C'est justement dans la partie orientale du delta, où se trouvent le
plus grand nombre de villages submersibles, que se localisaient la
très grande majorité des bombardements de digues. A cette première
constatation qui tendait à prouver l'existence d'un plan
systématique de destruction des digues, dans les régions où les
conséquences seraient les plus graves, l'analyse attentive
permettait d'en ajouter une autre qui renforçait la présomption. En
effet, dans la partie est du delta, les digues n'étaient pas
uniformément attaquées : en particulier les digues situées en
amont d'Haïphong, à l'est de Nam-Sach, n'avaient pas été
bombardées entre avril et juillet 1972. Pourtant, elles se
trouvaient dans une région où de nombreux objectifs routiers,
industriels et militaires étaient par ailleurs intensément
bombardés.
L'examen des cartes et la
thèse de Gourou permirent de comprendre cette exception : en effet,
dans cette partie de la plaine, les fleuves ne coulent plus en levées
(une grande partie des alluvions ont été déposées en amont) et
ils commencent à s'encaisser légèrement au-dessous du niveau moyen
de la plaine. La rupture des digues de cette région ne menaçant pas
les villages puisqu'ils ne sont pas, dans ce secteur, en contrebas
des fleuves,les bombardements n'y ont pas été opérés.

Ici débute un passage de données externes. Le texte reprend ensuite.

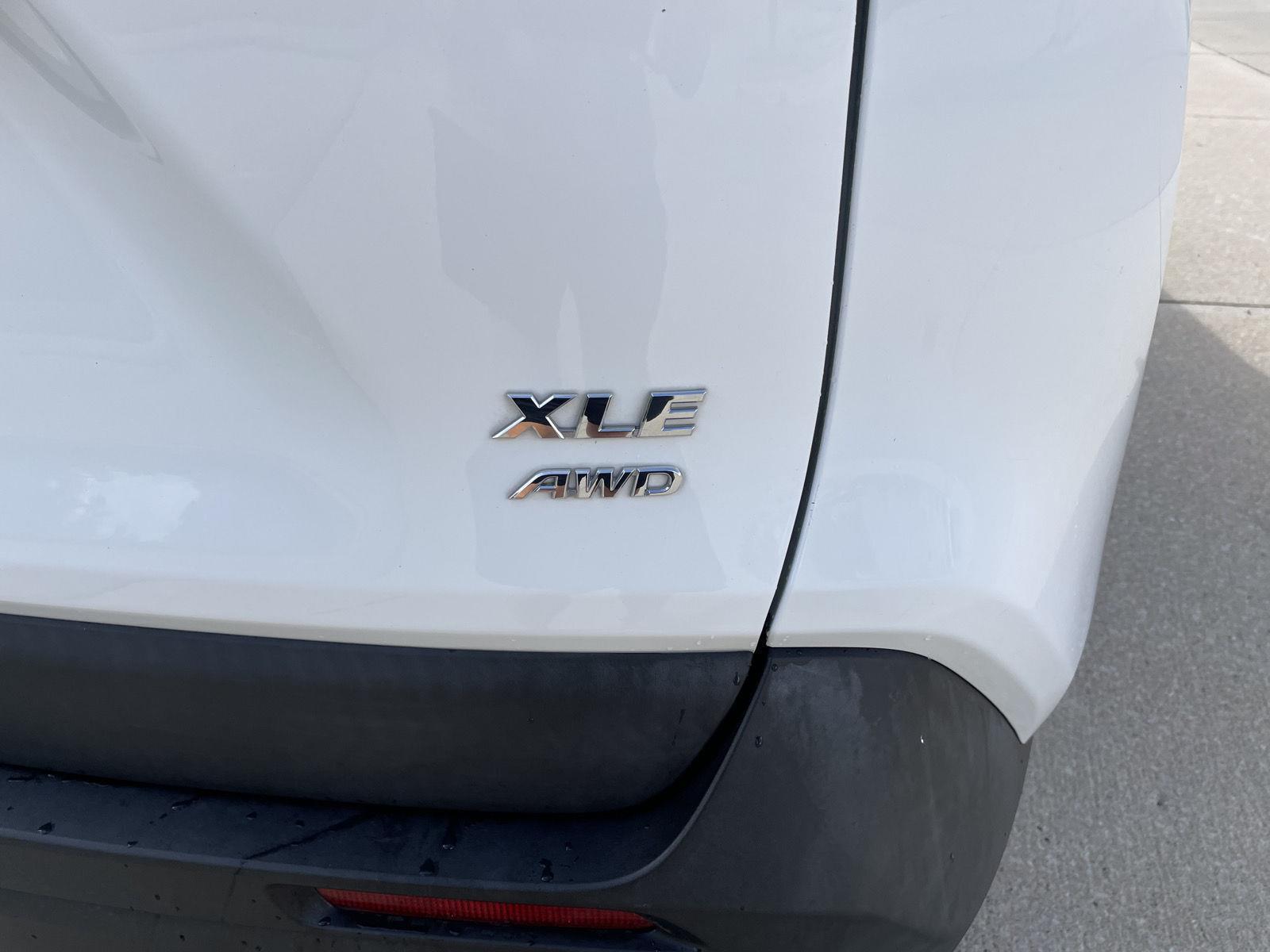 Vehicle photo 35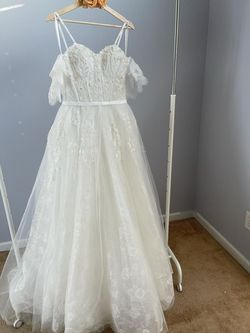 D&V White Size 10 50 Off Dandv Ball gown on Queenly
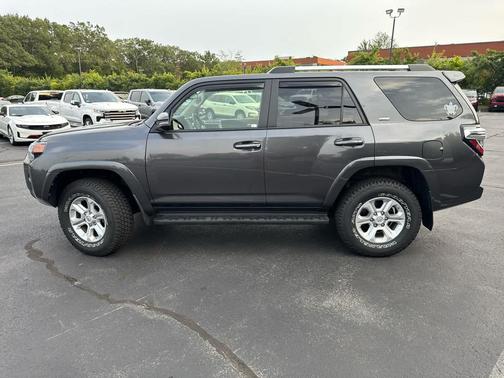 2019 Toyota 4Runner SR5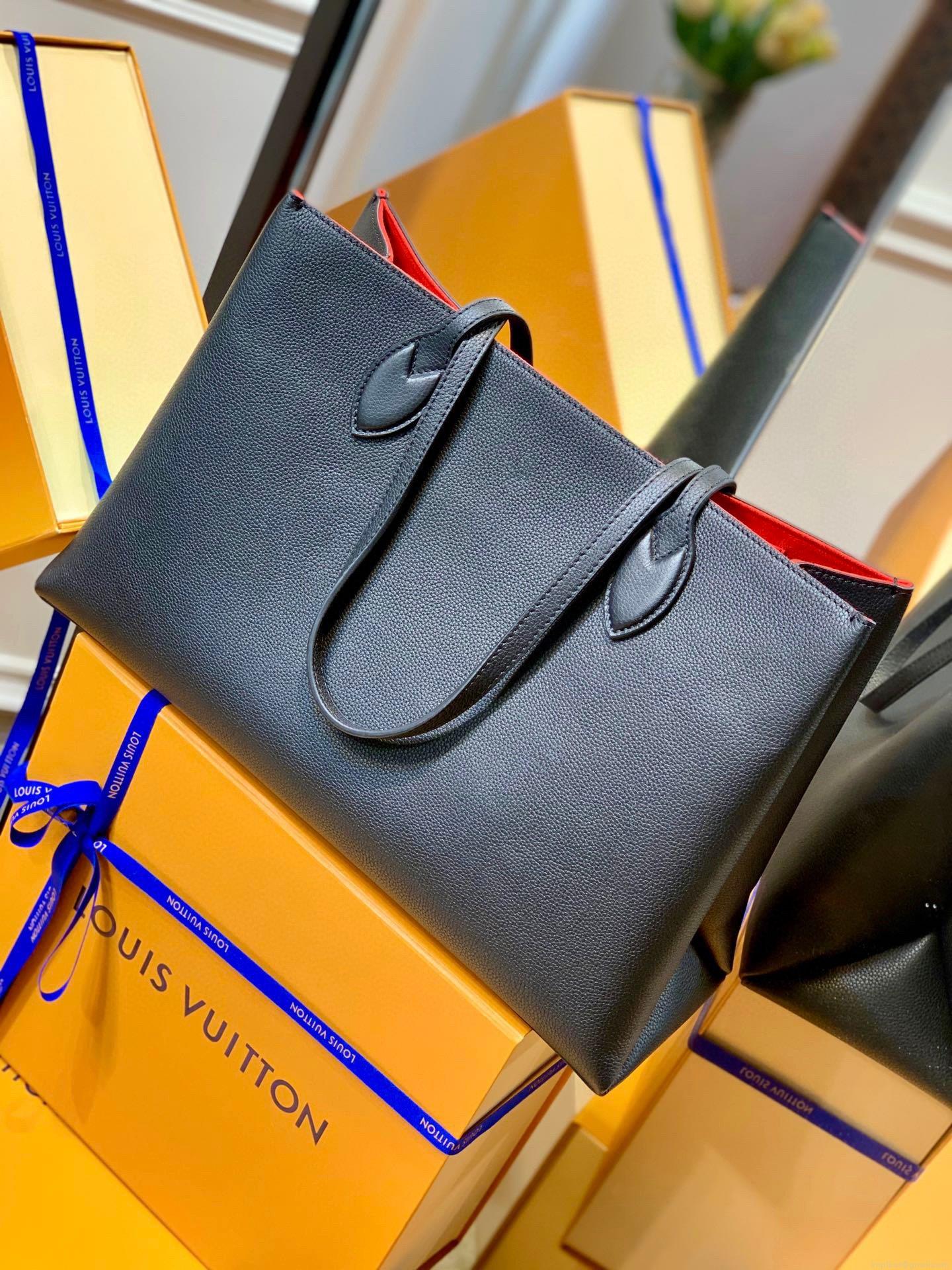 LV M57345 Louis Vuitton M57346 Lockme Shopper M57347 Bag Grained Calf Leather Black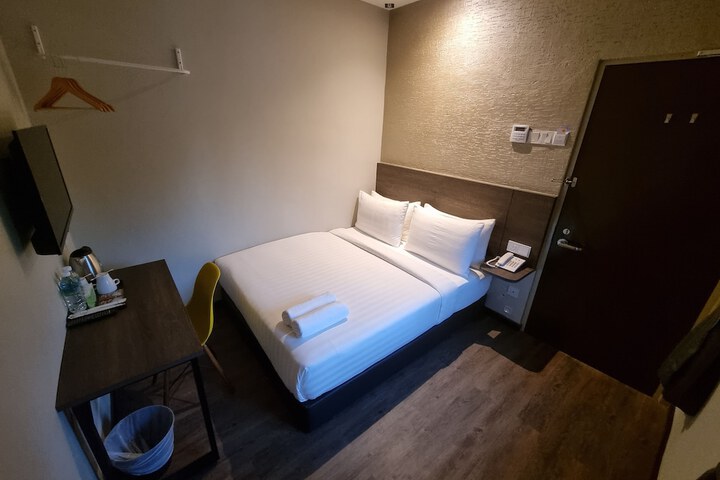 Room 84 of 138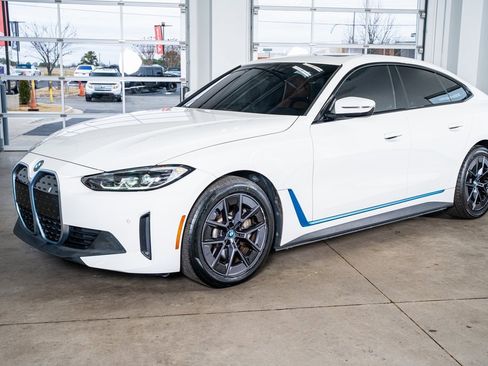 Used 2023 BMW i4 eDrive40 w/ Premium Package image 11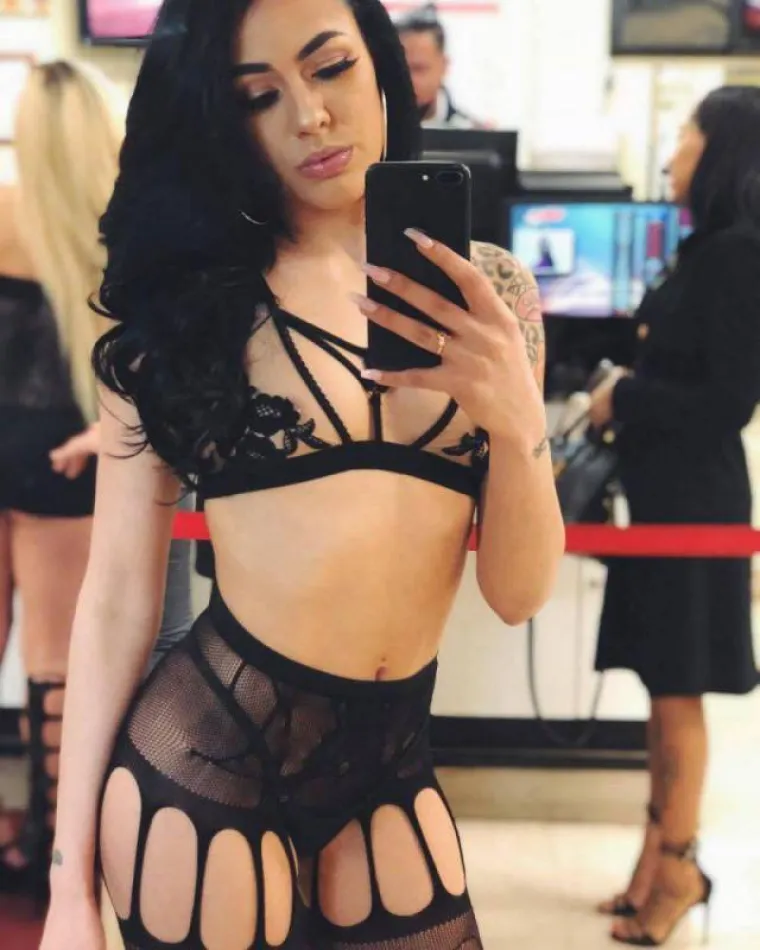 VATRENI SEKSIPIL: Ni&scaron;ta posebno, samo jako seksi cure u jako seksi rublju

Les digues qui bordent ces
fleuves en amont d'Haïphong ont pour fonctions principales de
réduire l'étalement du ht majeur et surtout de contenir les marées
de tempête lorsque les vents de typhon poussent les eaux marines
dans l'intérieur des terres. Comme ces typhons se produisent
habituellement en automne, le bombardement des digues dans ce secteur
ne présentait guère d'intérêt en été.
Ainsi la carte des points de
bombardement sur les digues dans le delta révélait dans une grande
mesure le plan de l'état-major américain. Si, comme le prétendait
le Pentagone, les digues étaient touchées involontairement, en
raison de leur proximité d'objectifs militaires, la carte aurait été
tout autre : c'est dans les régions d'Hanoï et d'Haïphong que les
digues auraient surtout été touchées. Or ce n'était absolument
pas le cas : la photo aérienne publiée par les hebdomadaires
américains et représentant le passage au sommet d'une grande digue
d'une route chargée de convois militaires est celle du seul point de
bombardement de digue dans la région d'Hanoï. Cette photo
correspond à l'exception et non pas à la généralité. Les digues
ont été attaquées presque exclusivement dans la partie orientale
du delta, précisément où se trouvent le plus grand nombre de
villages en contrebas des levées alluviales, où le plus grand
nombre d'hommes périraient en cas de rupture de la digue. Dans la
partie occidentale du delta, le haut delta, les digues n'ont pas été
bombardées (à une seule exception), car dans cette région les
villages situés sur les nombreux bourrelets
alluviaux sont à l'abri de
l'inondation.
Démasquée dans ses grandes
lignes par l'analyse de la carte à petite échelle, la stratégie du
Pentagone a été démontrée, au niveau de sa mise en oeuvre tactique,
par l'analyse à plus grande échelle de certains secteurs et par les
observations sur le terrain.
Enquête dans le district de Nam-Sach (3)
Il se trouve entièrement
entouré de digues et forme en effet presque une île cernée par un
réseau hydrographique particulièrement complexe. Au nord se dispose
un ensemble de rivières, Thuong,Luc Nam, Cau et Duong, qui en
quelques kilomètres se rassemblent pour former la rivièreTaï-Binh.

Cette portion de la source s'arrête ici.